I’ve never known it to be a huge problem on lawns that are mown regularly, but the plant can be nasty in perennial gardens and orchards due to a deep root system that only flourishes more when you break off the upper stems.
Here’s what you need to know before you decide how to deal with the plant:
THE GOOD SIDE: A “bio-accumulator” like dandelion, horsetail takes up all sorts of nutrients from the soil including copper, lead, zinc, cadmium and even gold. Holistic gardeners use extracts of field horsetail make fungicides for blackspot on roses and rust in mint. It has herbal uses, too, and many cultures see the shoots of horsetail as a valuable food source. I’ve never tried it myself and I don’t recall my grandmother gathering the stuff, but I do recall the painter Neil Welliver — a great organic gardener by the way — telling me that his family used to eat the stuff.

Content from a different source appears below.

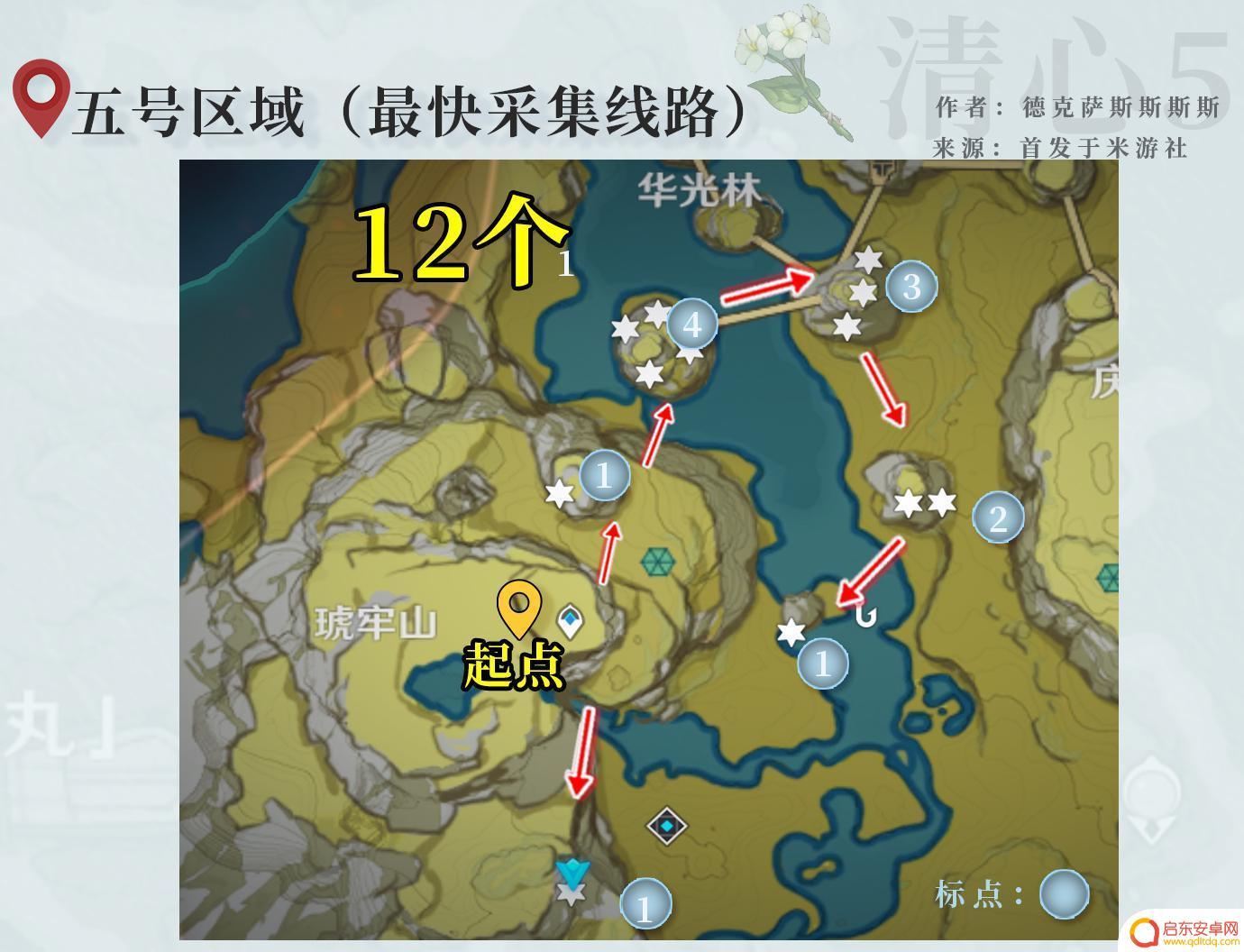 原神魈周本材料获取方法及用途详解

THE BAD SIDE: Horsetail is a true nuisance in fields since it’s toxic to sheep, cattle and horses. Hay with too much horsetail is considered a waste material.
THE UGLY SIDE: As a “weed” in the garden, it can be very difficult to eradicate without true diligence. The roots can reportedly grow up to 200 feet long, although I’ve never witnessed them more than a mere 10 feet or so. However long it grows, those roots pose the problem, since a new conical horsetail can easily emerge from any point on a broken piece of root.
ERADICATION — Don’t try just pulling or rototilling the plant out because it will most certainly grow back if nothing else is done. Black plastic sheeting or rubber pond liner or roofing underlayment works well. Depending on the time of year, you’ll need to leave the plastic or rubber in place for four to 12 weeks; the warmer it is outside the faster this control will work.
Like virtually all weeds, the presence of horsetail is an indicator of various soil conditions such as excess moisture, low pH, and poor drainage. Regular mowing and leaving the grass plants tall will help eradicate the plant in a lawn area.